Currently, in addition to Webmin, a similar vulnerability has also been found in Usermin software. Both of these software packages are developed by the same authors, which is why they share the same principles and methods of exploiting the vulnerability. These are popular applications trusted by network administrators on Unix and Linux systems.
The Cybersecurity Center BKIS has advised all network administrators nationwide to check whether their systems are using Webmin or Usermin. If so, they must immediately patch the vulnerabilities in these software applications.

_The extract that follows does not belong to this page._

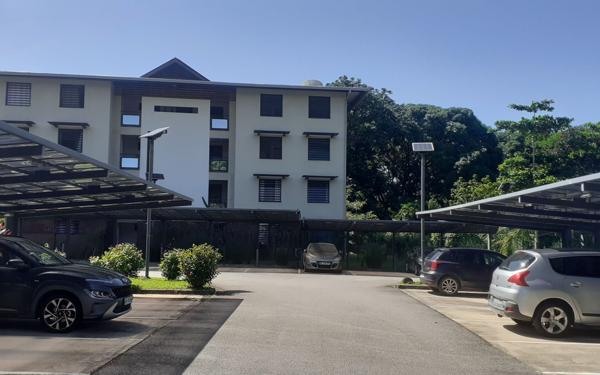 Appartement à vendre    3 pièces •  Cayenne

To address this issue, the first step for administrators is to upgrade the vulnerable software to the latest versions, Webmin 1.290 and Usermin 1.220, available from www.webmin.com. Next, hosting service providers need to inform and guide their hosting customers to immediately change their management passwords and database connection passwords (if applicable). Finally, a system review should be conducted (for both service providers and their hosting customers) because hackers may have already infiltrated in the past few days to modify information or install backdoors (a type of spyware) to control the system.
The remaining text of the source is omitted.